Common and preferred stocks traded on foreign securities exchanges are valued using pricing vendor services that provide model prices derived using adjustment factors based on information such as local closing price, relevant general and sector indices, currency fluctuations, depositary receipts, and futures, as applicable. Securities valued using such model prices are classified as Level 2 in the fair value hierarchy. The models generate an evaluated adjustment factor for each security, which can be applied to the local closing price to adjust it for post closing market movements. Utilizing that evaluated adjustment factor, the vendor provides an evaluated price for each security. If the vendor does not provide an evaluated price securities are valued in accordance with exchange-traded common and preferred stocks discussed above.
Participatory notes (“P-notes”) are generally valued based upon the value of a related underlying security that trades actively in the market and are classified as Level 2 in the fair value hierarchy.
Investments in open-end, non-exchange-traded mutual funds are valued at their net asset values as of the close of the NYSE on the date of valuation. These securities are classified as Level 1 in the fair value hierarchy since they may be purchased or sold at their net asset values on the date of valuation.
Securities and other assets that cannot be priced according to the methods described above are valued based on pricing methodologies approved by the Board. In the event that unobservable inputs are used when determining such valuations, the securities will be classified as Level 3 in the fair value hierarchy.
When determining the fair value of securities, some of the factors influencing the valuation include: the nature of any restrictions on disposition of the securities; assessment of the general liquidity of the securities; the issuer’s financial condition and the markets in which it does business; the cost of the investment; the size of the holding and the capitalization of the issuer; the prices of any recent transactions or bids/offers for such securities or any comparable securities; any available analyst media or other reports or information deemed reliable by the investment adviser regarding the issuer or the markets or industry in which it operates. Using fair value to price securities may result in a value that is different from a security’s most recent closing price and from the price used by other mutual funds to calculate their net asset values.

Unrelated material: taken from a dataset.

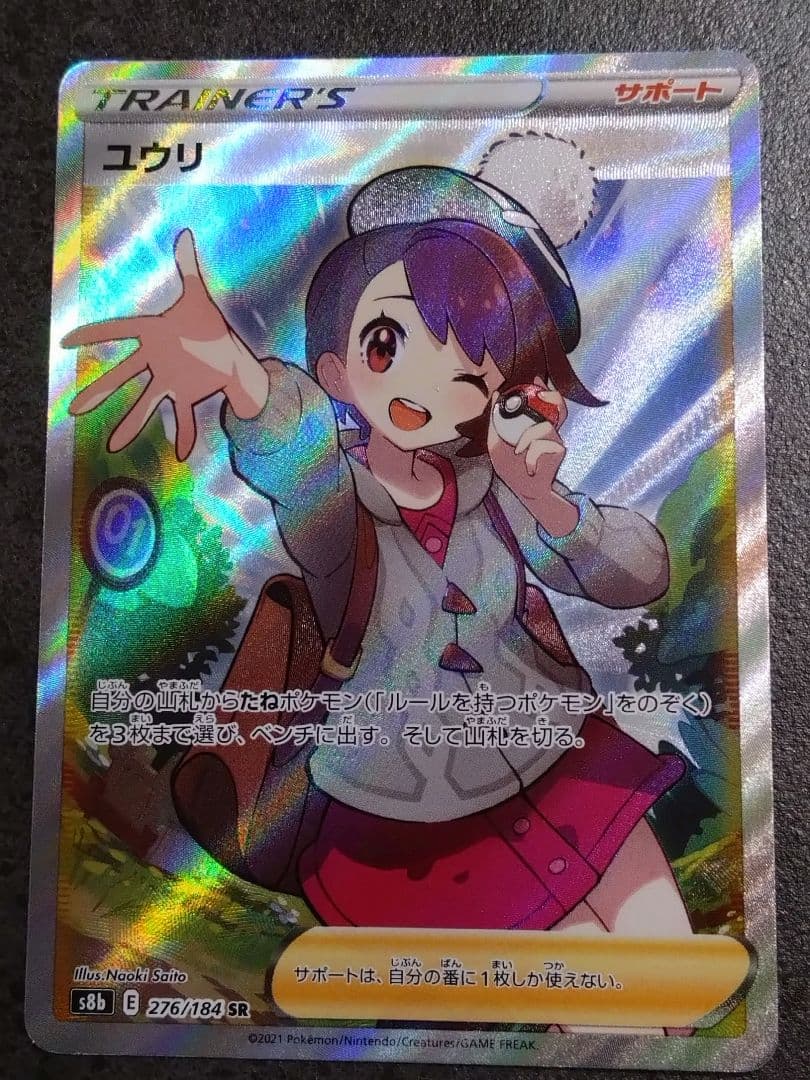 ユウリ　SR 汎用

Master Netting Arrangements: The Fund is subject to various Master Agreements, or netting arrangements, with select counterparties. These are agreements which a subadviser may have negotiated and entered into on behalf of the Fund. A master netting arrangement between the Fund and the counterparty permits the Fund to offset amounts payable by the
Prudential Jennison MLP Fund | 23 |
Notes to Financial Statements (continued)
Fund to the same counterparty against amounts to be received; and by the receipt of collateral from the counterparty by the Fund to cover the Fund’s exposure to the counterparty. However, there is no assurance that such mitigating factors are easily enforceable. In addition to master netting arrangements, the right to set-off exists when all the conditions are met such that each of the parties owes the other determinable amounts, the reporting party has the right to set-off the amount owed with the amount owed by the other party, the reporting party intends to set-off and the right of set-off is enforceable by law. During the reporting period, there was no intention to settle on a net basis and all amounts are presented on a gross basis on the Statement of Assets and Liabilities.
Securities Lending: The Fund may lend its portfolio securities to banks and broker-dealers. The loans are secured by collateral at least equal to the market value of the securities loaned. Collateral pledged by each borrower is invested in a money market fund and is marked to market daily, based on the previous day’s market value, such that the value of the collateral exceeds the value of the loaned securities. For the period March 31, 2016 through July 18, 2016 the collateral was invested in an ultra-short bond fund. Loans are subject to termination at the option of the borrower or the Fund. Upon termination of the loan, the borrower will return to the Fund securities identical to the loaned securities. Should the borrower of the securities fail financially, the Fund has the right to repurchase the securities in the open market using the collateral. The Fund recognizes income, net of any rebate and securities lending agent fees, for lending its securities in the form of fees or interest on the investment of any cash received as collateral. The borrower receives all interest and dividends from the securities loaned and such payments are passed back to the lender in amounts equivalent thereto. The Fund also continues to recognize any unrealized gain (loss) in the market price of the securities loaned and on the change in the value of the collateral invested that may occur during the term of the loan. In addition, realized gain (loss) is recognized on changes in the value of the collateral invested that may occur during the term of the loan.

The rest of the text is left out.